Blog 5 by Anneli – Teaching practices or methods from languages perspective

Problem/task based learning and progressive inquiry are the pedagogical models which I apply in my courses (advance level courses). Group working is one of the main working modes. Independent study is also possible, especially in summer courses. Teaching language is English meaning that all course materials are in English and my emails to course email list are in English. In case course has several Finnish students but very few foreign students, I write emails both in English and in Finnish (double work for me but can prevent misunderstandings). Finnish students can do their course outcomes in English or in Finnish. They decide the language in groups. Many groups use English because it is, globally thinking, the working language in software development business, and it saves them for translating the course vocabulary to Finnish.  Multilingual groups are  using English as they working language. This may be a challenge for some students. I try to encourage the group manager and group members to work together. Sometimes it is hard job, sometimes things go smoothly.

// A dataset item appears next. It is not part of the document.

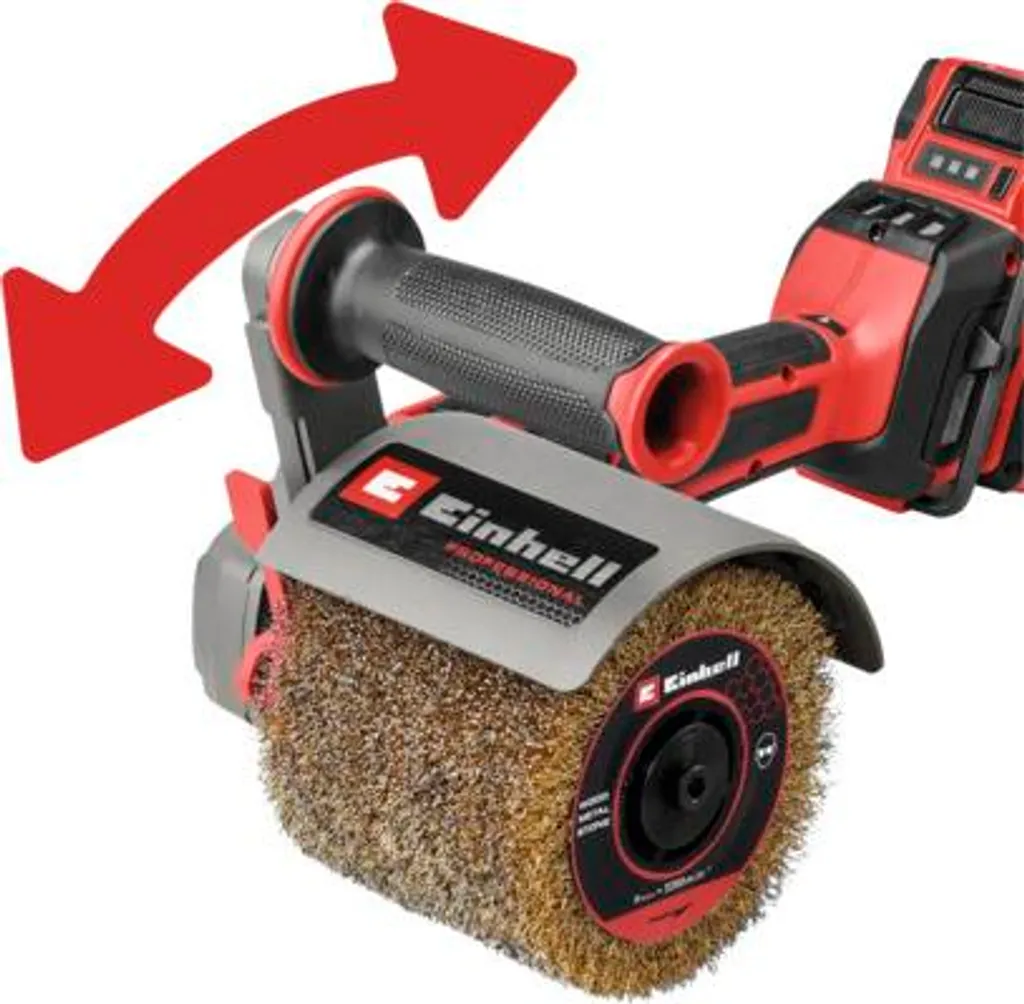 Perceuse à percussion sans fil 18V Einhell avec 2 batteries et chargeur - 13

In my web-based courses “Course guidelines” is one of the most essential documents. I have edited this document year by year according to students’ questions when they do not understand what to do. Now I think it working quite well because no questions are coming in anymore. I have noticed that it is extremely important to say/write very clearly with simple words what are the course rules and guidelines.

EMI Challenges (figure)

Yesterday (Monday Oct 9, 2017) we inspired from Kirsi’s slide “Challenges”. During the pause we created the figure above. “We” are Katarzyna, Mariana and Anneli. website:

EMI seems very interesting research field.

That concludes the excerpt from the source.